[![Open In Colab](https://colab.research.google.com/assets/colab-badge.svg)](https://colab.research.google.com/github/CCS-ZCU/EuPaC_shared/blob/master/NOSCEMUS_getting-started.ipynb)

This Jupyter notebook has been prepared for the EuPaC Hackathon and provides an easy way to start working with the NOSCEMUS dataset — no need to clone the entire repository or download additional data. It is fully compatible with cloud platforms like Google Colaboratory (click the badge above) and runs without requiring any specialized library installations.

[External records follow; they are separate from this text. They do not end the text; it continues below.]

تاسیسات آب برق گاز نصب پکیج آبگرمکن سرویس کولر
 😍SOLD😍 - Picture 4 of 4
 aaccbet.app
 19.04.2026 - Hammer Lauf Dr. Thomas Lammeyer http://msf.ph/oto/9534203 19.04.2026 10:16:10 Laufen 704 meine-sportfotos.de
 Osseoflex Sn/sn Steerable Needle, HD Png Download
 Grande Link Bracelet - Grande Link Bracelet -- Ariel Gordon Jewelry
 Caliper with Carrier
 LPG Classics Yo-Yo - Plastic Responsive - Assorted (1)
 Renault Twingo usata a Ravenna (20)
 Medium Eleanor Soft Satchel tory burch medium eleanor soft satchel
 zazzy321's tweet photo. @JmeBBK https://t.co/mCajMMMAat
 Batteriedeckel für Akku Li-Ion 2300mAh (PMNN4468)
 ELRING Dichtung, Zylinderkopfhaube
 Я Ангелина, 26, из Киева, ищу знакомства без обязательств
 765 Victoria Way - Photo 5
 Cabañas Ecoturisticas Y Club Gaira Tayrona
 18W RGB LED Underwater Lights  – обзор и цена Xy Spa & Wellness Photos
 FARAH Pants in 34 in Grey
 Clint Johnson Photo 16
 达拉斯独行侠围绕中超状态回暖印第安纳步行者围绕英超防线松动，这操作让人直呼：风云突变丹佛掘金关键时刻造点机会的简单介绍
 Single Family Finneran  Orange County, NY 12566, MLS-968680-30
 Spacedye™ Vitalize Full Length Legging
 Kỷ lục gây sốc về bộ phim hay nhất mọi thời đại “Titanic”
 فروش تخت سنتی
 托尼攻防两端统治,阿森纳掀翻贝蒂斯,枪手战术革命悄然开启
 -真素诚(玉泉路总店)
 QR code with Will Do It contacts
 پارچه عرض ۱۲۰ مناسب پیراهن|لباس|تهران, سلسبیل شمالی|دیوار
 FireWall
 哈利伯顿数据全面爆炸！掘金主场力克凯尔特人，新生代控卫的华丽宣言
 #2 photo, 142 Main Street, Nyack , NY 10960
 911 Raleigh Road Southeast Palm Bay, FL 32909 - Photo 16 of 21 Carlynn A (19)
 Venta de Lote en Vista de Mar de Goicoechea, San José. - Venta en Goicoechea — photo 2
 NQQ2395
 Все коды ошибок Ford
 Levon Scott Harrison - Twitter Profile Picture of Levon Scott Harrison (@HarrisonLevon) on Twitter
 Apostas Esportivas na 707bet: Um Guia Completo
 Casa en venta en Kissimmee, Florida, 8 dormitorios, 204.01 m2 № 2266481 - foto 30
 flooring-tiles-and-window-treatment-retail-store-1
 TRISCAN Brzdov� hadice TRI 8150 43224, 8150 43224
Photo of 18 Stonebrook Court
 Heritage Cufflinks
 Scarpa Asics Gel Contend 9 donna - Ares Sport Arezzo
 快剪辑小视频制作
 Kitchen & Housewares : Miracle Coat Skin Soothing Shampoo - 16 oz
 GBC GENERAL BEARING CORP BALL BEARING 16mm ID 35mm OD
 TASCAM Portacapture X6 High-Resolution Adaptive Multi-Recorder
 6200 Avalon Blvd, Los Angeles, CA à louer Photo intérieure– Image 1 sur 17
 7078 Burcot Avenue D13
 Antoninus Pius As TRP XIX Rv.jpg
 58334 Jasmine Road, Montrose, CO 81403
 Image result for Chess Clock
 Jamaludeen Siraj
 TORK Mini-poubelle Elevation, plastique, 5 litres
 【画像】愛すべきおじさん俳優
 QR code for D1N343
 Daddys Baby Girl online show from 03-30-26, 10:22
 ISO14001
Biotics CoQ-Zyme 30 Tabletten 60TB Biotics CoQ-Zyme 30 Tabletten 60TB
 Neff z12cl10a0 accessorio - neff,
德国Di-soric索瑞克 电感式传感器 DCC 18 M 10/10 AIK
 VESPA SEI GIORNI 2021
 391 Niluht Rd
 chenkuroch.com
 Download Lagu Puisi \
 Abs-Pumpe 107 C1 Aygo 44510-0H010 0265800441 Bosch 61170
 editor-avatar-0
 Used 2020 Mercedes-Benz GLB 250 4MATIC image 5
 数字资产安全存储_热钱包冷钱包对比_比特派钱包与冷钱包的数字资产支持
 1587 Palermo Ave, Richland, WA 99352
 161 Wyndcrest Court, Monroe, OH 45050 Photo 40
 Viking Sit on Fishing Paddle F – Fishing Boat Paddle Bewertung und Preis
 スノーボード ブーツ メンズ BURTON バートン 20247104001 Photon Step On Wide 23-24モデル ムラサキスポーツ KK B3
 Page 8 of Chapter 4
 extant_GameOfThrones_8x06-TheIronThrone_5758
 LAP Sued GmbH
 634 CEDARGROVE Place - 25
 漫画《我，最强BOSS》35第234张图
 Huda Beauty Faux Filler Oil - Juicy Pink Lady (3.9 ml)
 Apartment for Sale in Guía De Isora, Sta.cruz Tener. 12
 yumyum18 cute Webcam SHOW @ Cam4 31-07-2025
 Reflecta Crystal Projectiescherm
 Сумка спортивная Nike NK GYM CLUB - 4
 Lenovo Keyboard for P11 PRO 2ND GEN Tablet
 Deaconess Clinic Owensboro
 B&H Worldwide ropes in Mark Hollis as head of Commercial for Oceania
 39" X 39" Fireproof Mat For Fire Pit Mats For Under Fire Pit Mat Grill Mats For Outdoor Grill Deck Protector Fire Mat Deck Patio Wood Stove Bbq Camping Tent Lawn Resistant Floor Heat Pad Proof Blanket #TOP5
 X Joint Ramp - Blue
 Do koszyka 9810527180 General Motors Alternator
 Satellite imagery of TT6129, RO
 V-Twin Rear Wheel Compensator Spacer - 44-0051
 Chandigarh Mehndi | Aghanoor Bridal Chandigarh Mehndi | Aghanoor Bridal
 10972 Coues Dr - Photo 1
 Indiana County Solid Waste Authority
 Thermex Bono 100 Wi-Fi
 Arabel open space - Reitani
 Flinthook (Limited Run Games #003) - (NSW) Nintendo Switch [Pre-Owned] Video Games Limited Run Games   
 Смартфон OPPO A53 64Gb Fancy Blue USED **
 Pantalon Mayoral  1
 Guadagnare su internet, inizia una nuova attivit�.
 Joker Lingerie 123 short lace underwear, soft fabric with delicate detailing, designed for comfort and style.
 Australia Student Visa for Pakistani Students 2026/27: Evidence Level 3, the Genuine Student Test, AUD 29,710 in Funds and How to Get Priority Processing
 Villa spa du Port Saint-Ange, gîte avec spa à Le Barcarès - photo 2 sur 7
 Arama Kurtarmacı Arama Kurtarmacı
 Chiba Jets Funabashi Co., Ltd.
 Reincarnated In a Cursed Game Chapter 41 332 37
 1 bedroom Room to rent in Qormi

As such, it is intended as a starting point for EuPaC participants, including those with minimal coding experience.

In [None]:
import pandas as pd
import nltk
import re
import requests
import json
import io

In [None]:
noscemus_metadata = pd.read_csv("https://raw.githubusercontent.com/CCS-ZCU/noscemus_ETF/refs/heads/master/data/metadata_table_long.csv")
noscemus_metadata.head(5)

All mapping between the metadata and the actual textual data happens through the "id" column.
Thus, knowing its ID, you can load full textual data (both raw and morphologically annotated) any text or a subset of texts.

In [None]:
id = 1378359
base_url = "https://ccs-lab.zcu.cz/noscemus_sents_data/{}.json"
sents_data = json.load(io.BytesIO(requests.get(base_url.format(str(id))).content))

In [None]:
# the sents_data is a list of sentences from the given document
# in addition to the raw text of the sentence, it also contains the lemmatized tokens and their POS tags
# look at first few sentences to get an idea of the format:
sents_data[110:115]

For each sentence, you see the following elements:
* (1) ID of the source document
* (2) index of the sentence (remember that Python's indexing starts with 0)
* (2) token data for the sentence

The token data for each token contain:
   * (a) The token as it is in the sentence
   * (b) The automatically assigned lemma corresponding to the token
   * (c) Its Part-of-Speech
   * (d) Its starting positional index within the sentence
   * (e) Its ending positional index within the sentence

In [None]:
# if you want a raw text of the document, use the following:
rawtext = " ".join([sent_data[2] for sent_data in sents_data])
rawtext[:1000]

In [None]:
# if you want a list of lemmatized tokens, filtered by certain POS-tags, use the following:
lemmatized_sents = []
for sent_data in sents_data:
    lemmatized_sent = []
    for token in sent_data[3]:
        if token[2] in ["NOUN", "VERB", "ADJ", "PROPN"]:
            lemmatized_sent.append(token[0])
    lemmatized_sents.append(lemmatized_sent)
lemmatized_sents[150:155]

In [None]:
# based on the metadata, you can easily focus on a subset of documents
# for instance, we want to focus on all texts from the first two decades of the 17th century:

noscemus_subset = noscemus_metadata[noscemus_metadata["file_year"].between(1600, 1620)]
# to work with the subset, we need to know the IDs of the documents
ids = noscemus_subset["id"]
# Subsequently, we can load the data for each document by its ID and calculate the vocabulary of the texts:
# (depending on the size of the subset and your internet connection, this may take a while)
base_url = "https://ccs-lab.zcu.cz/noscemus_sents_data/{}.json"
subset_lemmatized_sentences = []
for id in ids: # for each work ID from our subset of IDs
    f_sents_data = json.load(io.BytesIO(requests.get(base_url.format(str(id))).content))
    sents_n = len(f_sents_data)
    for sent_data in f_sents_data:
        sent_lemmata = [t[1] for t in sent_data[3] if t[2] in ["NOUN", "VERB", "ADJ", "PROPN"]] # filter for specific POS-tags
        sent_lemmata = [re.sub(r"\W*|\d*", "", t) for t in sent_lemmata] # remove all non-alphanumeric characters
        sent_lemmata = [l for l in sent_lemmata if len(l) > 1] # remove all one-letter words
        sent_lemmata = [l.lower() for l in sent_lemmata] # lowercase all words
        subset_lemmatized_sentences.append(sent_lemmata) # add the lemmatized words from the current sentence to the overall list of lemmatized words

In [None]:
# now you have lemmatized sentences for all texts in the subset
# let's take a look at the first few sentences:'
subset_lemmatized_sentences[:10]

In [None]:
# you can flatten this list of lists into a single list of lemmatized words:
subset_lemmata = [lemma for sent in subset_lemmatized_sentences for lemma in sent]
# this data can be used to calculate the vocabulary of the texts:
subset_vocab = nltk.FreqDist(subset_lemmata).most_common()
subset_vocab[:100]

In [None]:
# with lemmatized sentences, you can also immediately proceed to various kinds of co-occurrence analysis or word-embeddings.